I nodded. Yes, this made sense. “I understand. Watching people kiss is scary and weird.” I sat down and pondered some solutions. “Well, you know, I think we could probably find a compromise if you would like. I could maybe talk to the bride and groom and get them to ask the minister to give us some sort of warning before he allowed them to kiss each other.”

She cocked her head to the side as if she were listening but needed more information before she would agree.
“Like, he could say, ‘I now pronounce you husband and wife. You may now kiss the bride.’ and that will be our signal to all cover our eyes and look away.”

She looked at the ceiling for a moment and then agreed with a quick bob of her head. “Okay. As long as they do that, I would be willing to go to a wedding.”

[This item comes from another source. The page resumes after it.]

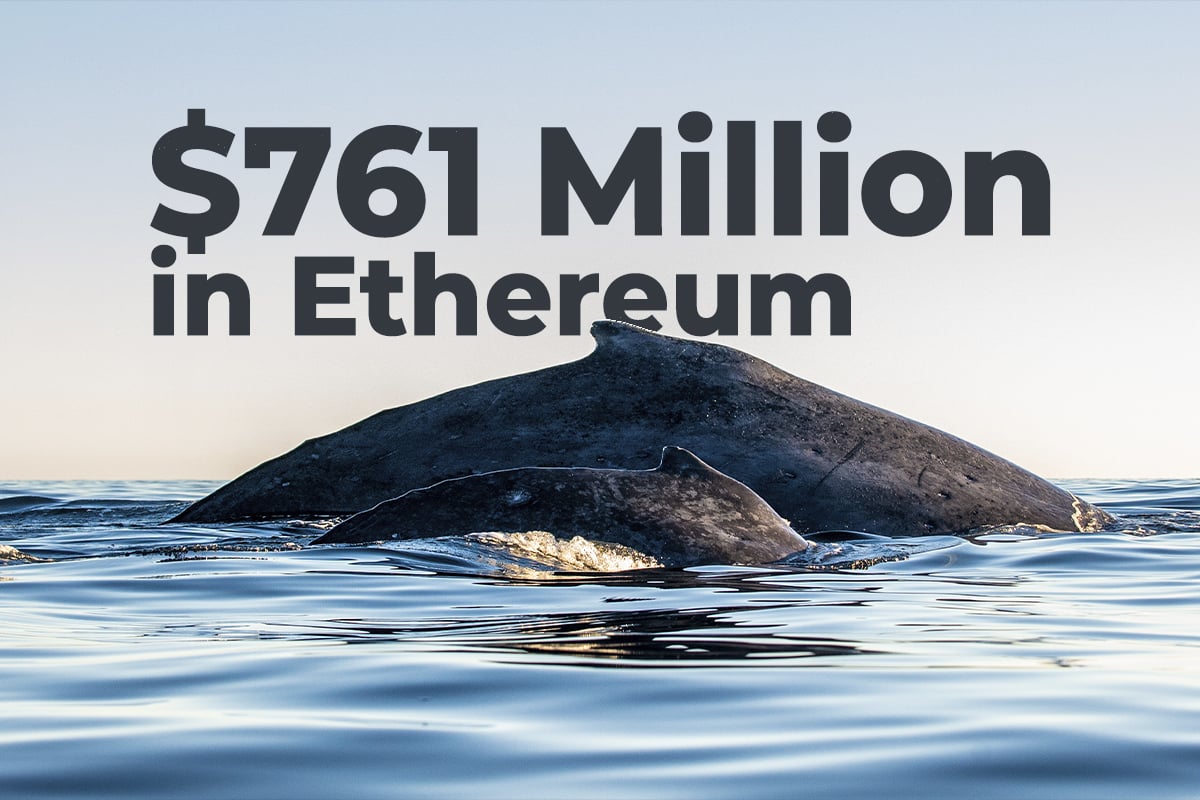 Whales Move $761 Million in Ethereum, While Coin Recovers to $3,500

Later that evening we were driving home through our neighborhood when we passed a young boy walking a dog with a young girl. I saw Lydia lean towards the window to watch them as we passed.

“Go around the block!” she shouted as I pulled into our driveway.

“What? No. Why? We don’t even live on a block. That makes no sense.”

“No, just drive around again and go past that boy and girl.”

“Why?” I asked, shutting the car off.

She was very agitated. “Because I think they are going to kiss! Didn’t you see them? I know it! They are going to kiss.”

“Oh..” I turned in my seat. “I understand now. You want me to go back and make sure they make an announcement or something first so that we know to cover our eyes and look away?”

She rolled her eyes at me and frowned, glancing back down the street to the strolling couple with the dog. She sighed wistfully one last time and then flung herself out of the car and ran sock-footed towards the front door.

I sighed as well, climbing into the back seat to retrieve her pink sneakers, and then stepping after her up the walkway, running a hand over my tired eyes and trying to shake the feeling like I was slowly following her up the very long aisle of a church.